User ID | Username | Encrypted Password |
---|---|---|
1 | Alice | 7c97... |
2 | Bob | c881... |
3 | Charlie | 4ad4... |
However, they key to decrypt the passwords must be available somewhere as it is required for each login. It’s not unlikely that an adversary can access the key too which makes it trivial to show all passwords in plaintext again. The key and ability to to decrypt are problematic in this scenario.
Hashing
While encryption is a two-way function (encryption and decryption), we don't really need or want the ability to decrypt as we could compared the encrypted passwords and still find a matching password like that. Instead, a hash function is designed as a one-way function that is not reversible and therefore does not necessarly need a key either. Now we can simply calculate the digest and store it instead of the password:
SHA2("password123") = EF92B778BAFE771E89245B89ECBC08A44A4E166C06659911881F383D4473E94F
Here we are using SHA-2 as a hash function for every password.

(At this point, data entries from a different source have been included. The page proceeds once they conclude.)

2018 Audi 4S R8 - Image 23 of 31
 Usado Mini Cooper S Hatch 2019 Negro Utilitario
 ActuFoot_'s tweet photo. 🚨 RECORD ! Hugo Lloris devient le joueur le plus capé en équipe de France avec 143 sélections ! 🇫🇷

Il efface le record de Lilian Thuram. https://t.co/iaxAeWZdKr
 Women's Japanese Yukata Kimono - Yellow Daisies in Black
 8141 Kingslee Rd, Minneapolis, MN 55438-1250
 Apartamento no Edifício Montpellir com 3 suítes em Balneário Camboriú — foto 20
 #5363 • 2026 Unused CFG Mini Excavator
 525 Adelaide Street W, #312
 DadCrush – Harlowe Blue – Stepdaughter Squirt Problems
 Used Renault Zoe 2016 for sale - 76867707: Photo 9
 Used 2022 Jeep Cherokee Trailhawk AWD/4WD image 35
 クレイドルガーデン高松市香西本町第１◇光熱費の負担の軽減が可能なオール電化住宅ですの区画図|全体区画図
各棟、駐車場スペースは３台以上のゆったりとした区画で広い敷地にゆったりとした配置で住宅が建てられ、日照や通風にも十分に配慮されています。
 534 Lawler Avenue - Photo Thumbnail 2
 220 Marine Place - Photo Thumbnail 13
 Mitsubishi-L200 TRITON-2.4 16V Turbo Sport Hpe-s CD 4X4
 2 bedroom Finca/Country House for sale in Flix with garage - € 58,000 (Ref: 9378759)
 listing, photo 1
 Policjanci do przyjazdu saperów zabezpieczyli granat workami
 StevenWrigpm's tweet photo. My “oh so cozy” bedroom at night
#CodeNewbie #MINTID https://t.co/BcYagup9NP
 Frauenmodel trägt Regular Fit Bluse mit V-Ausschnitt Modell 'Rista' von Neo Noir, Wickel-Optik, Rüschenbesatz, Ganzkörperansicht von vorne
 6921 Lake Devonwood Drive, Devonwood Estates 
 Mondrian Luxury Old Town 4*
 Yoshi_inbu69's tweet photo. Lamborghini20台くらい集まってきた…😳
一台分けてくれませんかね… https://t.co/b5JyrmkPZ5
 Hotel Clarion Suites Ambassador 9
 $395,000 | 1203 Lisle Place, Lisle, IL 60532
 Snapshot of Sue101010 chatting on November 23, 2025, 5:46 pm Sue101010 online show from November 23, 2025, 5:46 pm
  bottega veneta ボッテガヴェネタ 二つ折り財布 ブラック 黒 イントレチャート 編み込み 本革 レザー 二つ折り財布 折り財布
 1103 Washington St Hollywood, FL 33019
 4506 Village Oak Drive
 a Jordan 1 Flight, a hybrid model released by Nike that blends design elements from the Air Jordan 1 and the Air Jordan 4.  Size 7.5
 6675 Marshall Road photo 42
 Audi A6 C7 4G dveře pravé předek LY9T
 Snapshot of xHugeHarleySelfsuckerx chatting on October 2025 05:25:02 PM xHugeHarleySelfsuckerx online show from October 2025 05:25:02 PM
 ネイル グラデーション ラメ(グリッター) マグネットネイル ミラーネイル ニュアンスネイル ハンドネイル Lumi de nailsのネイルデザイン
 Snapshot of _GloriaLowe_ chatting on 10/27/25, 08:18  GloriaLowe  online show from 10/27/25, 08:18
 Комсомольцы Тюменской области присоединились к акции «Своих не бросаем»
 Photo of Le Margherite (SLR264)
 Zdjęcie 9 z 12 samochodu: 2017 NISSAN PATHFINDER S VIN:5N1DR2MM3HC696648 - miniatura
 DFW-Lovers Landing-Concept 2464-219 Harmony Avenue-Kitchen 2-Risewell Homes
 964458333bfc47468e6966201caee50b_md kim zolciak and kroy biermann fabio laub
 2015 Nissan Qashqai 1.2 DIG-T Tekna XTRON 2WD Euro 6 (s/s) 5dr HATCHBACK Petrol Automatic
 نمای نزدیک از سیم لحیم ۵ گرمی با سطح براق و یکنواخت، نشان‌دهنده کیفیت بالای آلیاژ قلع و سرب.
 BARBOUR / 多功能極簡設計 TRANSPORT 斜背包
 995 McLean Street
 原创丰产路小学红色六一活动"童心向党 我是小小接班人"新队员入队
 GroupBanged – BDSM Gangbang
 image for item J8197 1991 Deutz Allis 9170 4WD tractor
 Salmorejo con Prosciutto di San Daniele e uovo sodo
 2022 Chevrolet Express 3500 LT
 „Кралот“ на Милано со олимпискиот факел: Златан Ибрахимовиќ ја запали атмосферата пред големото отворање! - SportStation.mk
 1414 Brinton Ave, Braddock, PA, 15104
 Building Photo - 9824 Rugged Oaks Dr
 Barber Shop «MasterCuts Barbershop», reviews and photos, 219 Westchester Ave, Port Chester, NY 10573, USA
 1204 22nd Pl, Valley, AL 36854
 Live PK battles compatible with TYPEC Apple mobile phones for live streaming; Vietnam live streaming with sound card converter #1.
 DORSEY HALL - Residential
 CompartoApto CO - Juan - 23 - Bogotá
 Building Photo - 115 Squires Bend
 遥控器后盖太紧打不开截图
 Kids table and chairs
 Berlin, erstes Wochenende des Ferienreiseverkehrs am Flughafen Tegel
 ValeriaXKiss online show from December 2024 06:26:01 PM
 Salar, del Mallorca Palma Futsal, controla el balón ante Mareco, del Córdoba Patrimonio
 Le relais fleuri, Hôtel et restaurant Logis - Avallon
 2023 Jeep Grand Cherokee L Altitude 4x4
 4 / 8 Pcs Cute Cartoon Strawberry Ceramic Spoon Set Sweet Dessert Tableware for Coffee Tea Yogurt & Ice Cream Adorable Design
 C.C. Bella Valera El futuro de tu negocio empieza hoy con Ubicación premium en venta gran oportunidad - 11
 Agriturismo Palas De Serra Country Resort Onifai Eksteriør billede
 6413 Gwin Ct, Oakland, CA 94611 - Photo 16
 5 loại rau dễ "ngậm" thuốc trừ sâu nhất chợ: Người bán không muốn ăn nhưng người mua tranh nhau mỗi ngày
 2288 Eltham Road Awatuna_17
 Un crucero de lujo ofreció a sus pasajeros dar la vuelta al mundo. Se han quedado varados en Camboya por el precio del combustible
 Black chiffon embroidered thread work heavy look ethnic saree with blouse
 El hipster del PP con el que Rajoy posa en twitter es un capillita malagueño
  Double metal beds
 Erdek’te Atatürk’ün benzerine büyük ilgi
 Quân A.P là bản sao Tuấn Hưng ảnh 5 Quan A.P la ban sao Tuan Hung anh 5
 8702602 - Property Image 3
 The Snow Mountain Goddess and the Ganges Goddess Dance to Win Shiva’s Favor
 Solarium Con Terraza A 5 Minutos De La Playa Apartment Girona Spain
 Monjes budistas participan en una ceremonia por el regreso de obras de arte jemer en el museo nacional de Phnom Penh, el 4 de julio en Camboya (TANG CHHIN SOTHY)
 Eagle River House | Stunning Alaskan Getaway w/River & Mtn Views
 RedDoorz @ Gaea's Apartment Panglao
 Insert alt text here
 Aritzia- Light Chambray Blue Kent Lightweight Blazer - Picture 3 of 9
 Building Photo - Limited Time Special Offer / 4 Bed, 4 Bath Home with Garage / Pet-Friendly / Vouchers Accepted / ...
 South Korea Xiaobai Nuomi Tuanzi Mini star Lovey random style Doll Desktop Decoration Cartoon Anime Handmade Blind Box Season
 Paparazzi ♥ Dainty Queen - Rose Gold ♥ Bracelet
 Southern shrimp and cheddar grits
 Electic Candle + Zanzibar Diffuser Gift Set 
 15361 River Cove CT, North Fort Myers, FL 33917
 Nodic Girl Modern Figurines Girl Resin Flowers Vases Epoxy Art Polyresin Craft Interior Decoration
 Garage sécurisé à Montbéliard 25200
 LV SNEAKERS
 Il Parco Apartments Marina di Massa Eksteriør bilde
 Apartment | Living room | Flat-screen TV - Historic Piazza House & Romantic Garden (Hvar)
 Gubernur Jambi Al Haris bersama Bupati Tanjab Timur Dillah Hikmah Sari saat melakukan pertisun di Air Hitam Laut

User ID | Username | Password Hash |
---|---|---|
1 | Alice | EF92... |
2 | Bob | 65E8... |
3 | Charlie | EF79... |
Thanks to the hash function, there is no easy way back from the message digest to the plain password, except for trying all possible password combinations, hashing them, and comparing the resulting digests.
However, we still have a human factor: the strength of the password. An adversary could pre generate large tables (rainbow tables) of password-hash-combinations for all shorter passwords or for all common passwords.
Plaintext | Hash |
---|---|
a | CA97... |
b | 3E23... |
c | A3A5... |
.. | ... |
password123 | EF92... |
... | ... |
All the attacker has to do now is to compare the retrieved hashes against the precomputed hashes in the rainbow tables. Simple passwords can quickly be found like this.
Salting
Instead of simply hashing the user password, we could prepend a so called random salt to each password before hashing:
SHA2("1234" + "password123") = B08EB873685F5DC960FF6229AEA2096BBE82EDD0DEC877D3E94DD3A3491BBB03
Then we store the salt next to the password in the database.
User ID | Username | Salt | Password Hash |
---|---|---|---|
1 | Alice | 512ba9 | B08E... |
2 | Bob | 03fc72 | 65E8... |
3 | Charlie | 825ef0 | EF79... |
Whenever we get a new password from a login, we prepend the salt, compute the hash, and compare the digests. The salt should be randomly chosen for each user. Then, precomputing rainbow tables becomes inefficient as the salt makes the passwords longer which results in gigantic tables that require terra bytes of storage.
Slow Hash
However, even without precomputing hashes, an adversary could still try many passwords, prepend the salt and check for a match. Through faster and faster hardware this attack can still find many passwords rather efficiently even without precomputed rainbow tables.
In order to stop these attacks, the hash processing needs to be forced to slow down. This is why some modern hash functions have parameters to enforce longer computation times. For example, bcrypt takes as input an additional cost parameter that increases the cost of computation. The output includes a version identifier, the cost, the salt and digest in this format:
\$[version]\$[cost]\$[22 character salt][31 character hash]
This digest we can store in the database. Depending on the cost the computation for one hash could take multiple seconds which significantly decreases the amount of passwords that can be guessed by the adversary given the same amount of time.
User ID | Username | Bcrypt Digest |
---|---|---|
1 | Alice | \$2a\$15\$Yyeoa/khr3.gIRkkOJdH6.arOyiGR4eklXI1d9acSDMGriAGMaaGu |
2 | Bob | \$2a\$15\$NJFb8moHVvRuItbxxlm31eYNPhGYd/o2hWgCtyDIzW80Kn1LNMGgq |
3 | Charlie | \$2a\$15\$32zu6pIGsvNRQ5I7QJpf4OIFVlTgE2riKBDAhwISt6x3GT9NWFAhC |
No password
Even though we made it very difficult for an adversary to get to the user passwords, they can still start to guess passwords. So, instead of storing passwords at all for a service it might useful to let authentication be handled by a trusted identity provider. Authentication is no longer handled by the service itself but by some provider like Google or Microsoft which store the passwords and allow you to log in into many different services with one Single Sign-On (SSO).